[[ DATA LISTING open ]]

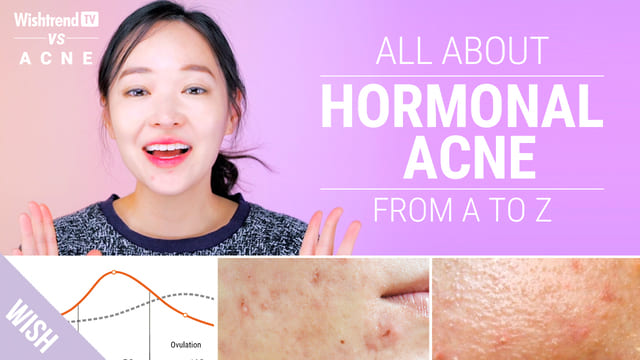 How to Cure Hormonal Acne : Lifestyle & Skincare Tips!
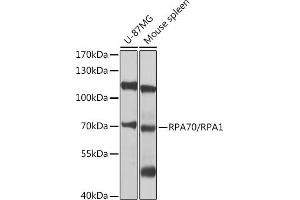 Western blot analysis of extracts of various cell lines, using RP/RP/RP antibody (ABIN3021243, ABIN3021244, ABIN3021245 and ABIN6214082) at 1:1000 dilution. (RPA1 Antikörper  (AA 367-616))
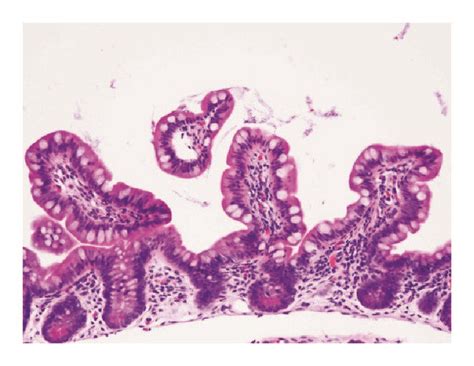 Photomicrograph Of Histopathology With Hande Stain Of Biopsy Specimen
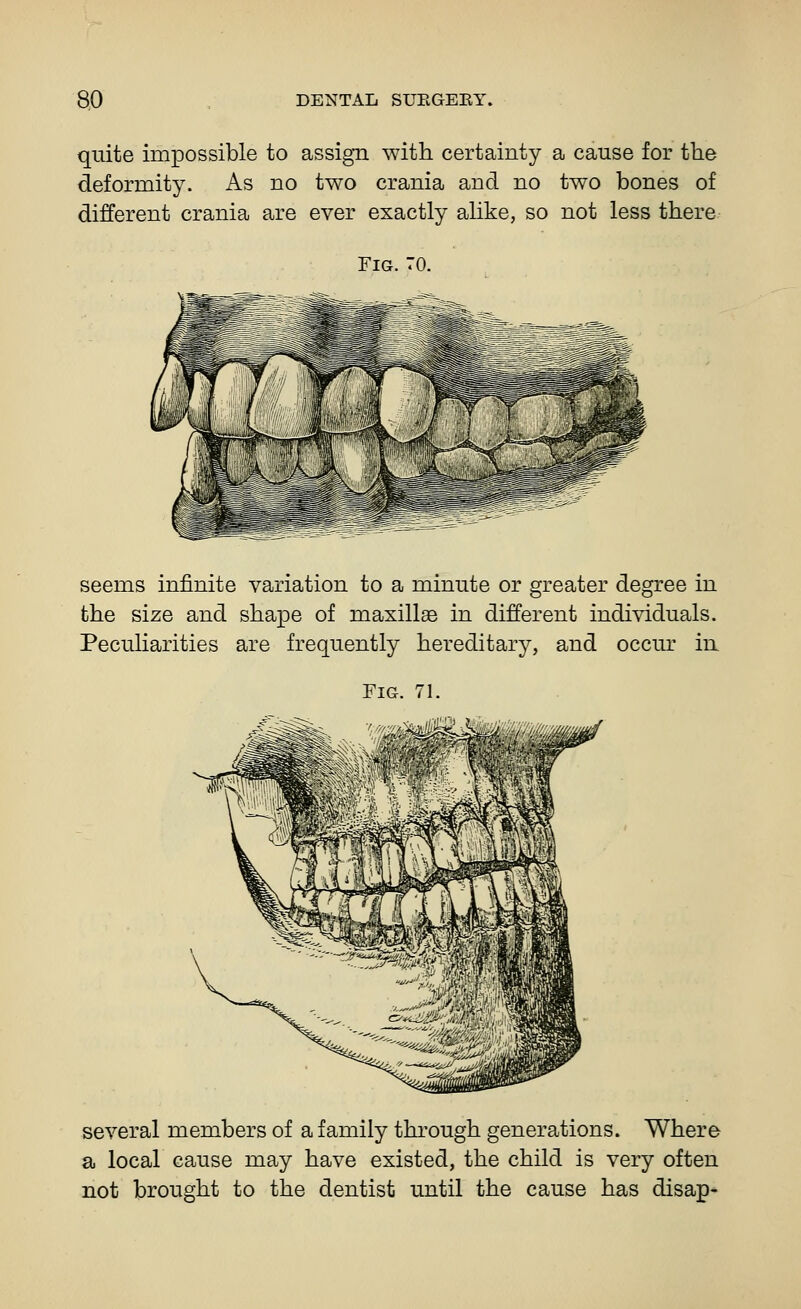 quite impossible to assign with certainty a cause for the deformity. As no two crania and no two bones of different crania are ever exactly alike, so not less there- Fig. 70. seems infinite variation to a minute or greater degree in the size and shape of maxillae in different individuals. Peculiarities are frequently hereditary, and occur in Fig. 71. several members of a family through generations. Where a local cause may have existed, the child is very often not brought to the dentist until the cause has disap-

[[ DATA LISTING closed ]]
[[ DATA LISTING open ]]

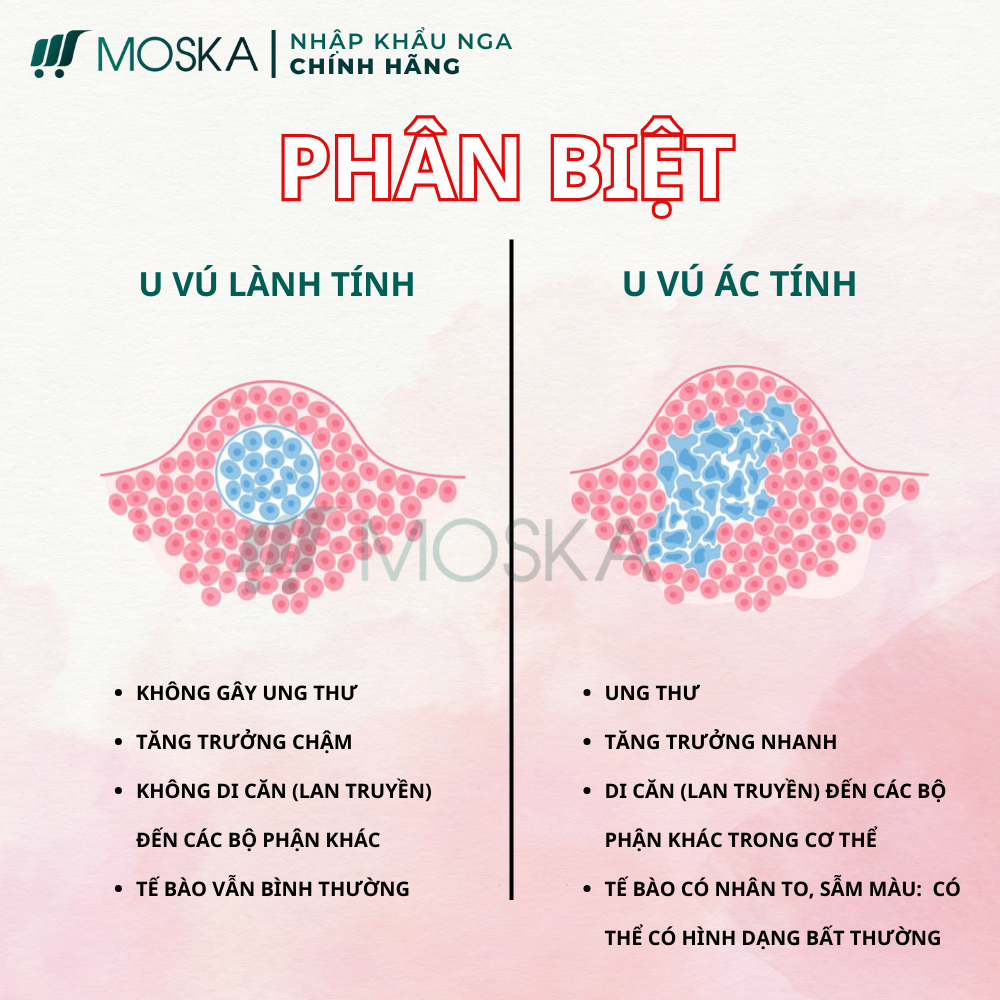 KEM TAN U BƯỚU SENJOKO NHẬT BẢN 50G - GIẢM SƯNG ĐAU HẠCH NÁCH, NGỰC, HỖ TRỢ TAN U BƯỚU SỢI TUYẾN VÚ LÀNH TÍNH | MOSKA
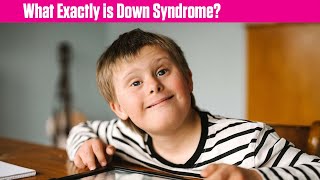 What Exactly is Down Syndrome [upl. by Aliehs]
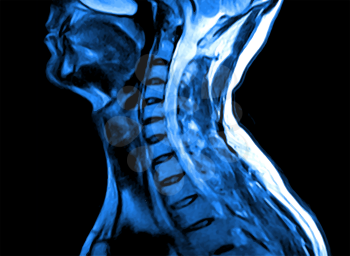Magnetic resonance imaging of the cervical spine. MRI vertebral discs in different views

[[ DATA LISTING closed ]]
[[ DATA LISTING open ]]

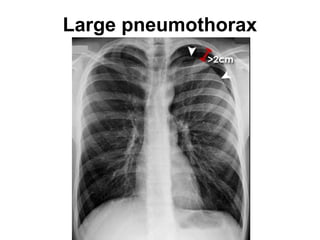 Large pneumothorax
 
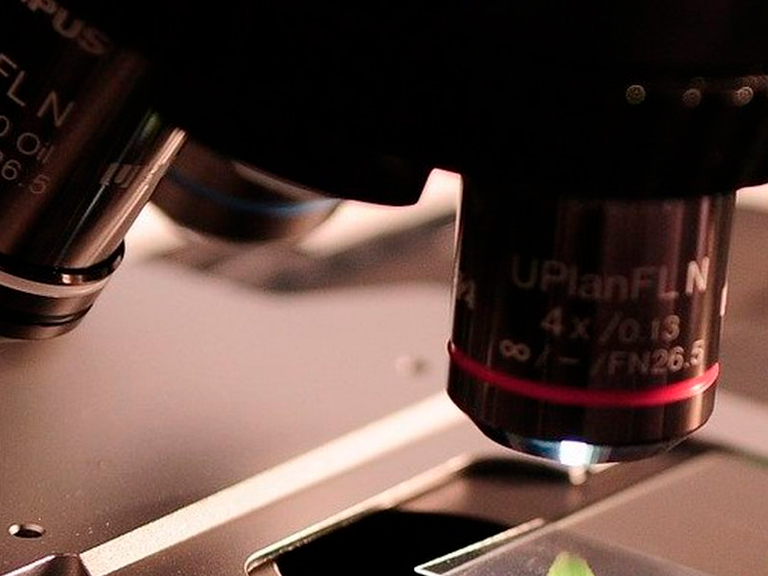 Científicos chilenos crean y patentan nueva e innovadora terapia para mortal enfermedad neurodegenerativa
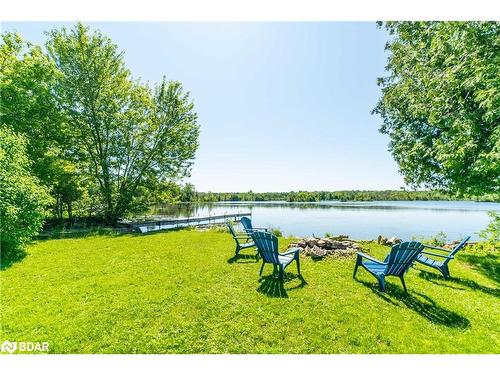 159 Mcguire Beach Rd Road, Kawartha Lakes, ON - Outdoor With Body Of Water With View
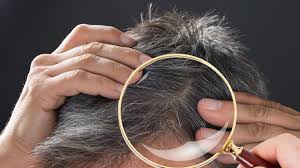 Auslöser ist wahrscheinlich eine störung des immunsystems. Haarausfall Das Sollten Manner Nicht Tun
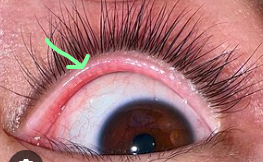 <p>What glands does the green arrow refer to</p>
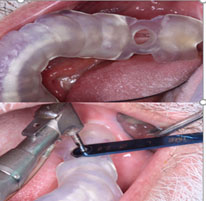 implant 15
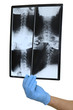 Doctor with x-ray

[[ DATA LISTING closed ]]

### WHAT YOU NEED TO DO
Here the job is to copy the stretch of records from the line containing "How to Cure" through the line containing "Photomicrograph Of Histopathology", word for word. Leave every picture out.

### RESULT BELOW
 How to Cure Hormonal Acne : Lifestyle & Skincare Tips!
 Western blot analysis of extracts of various cell lines, using RP/RP/RP antibody (ABIN3021243, ABIN3021244, ABIN3021245 and ABIN6214082) at 1:1000 dilution. (RPA1 Antikörper  (AA 367-616))
 Photomicrograph Of Histopathology With Hande Stain Of Biopsy Specimen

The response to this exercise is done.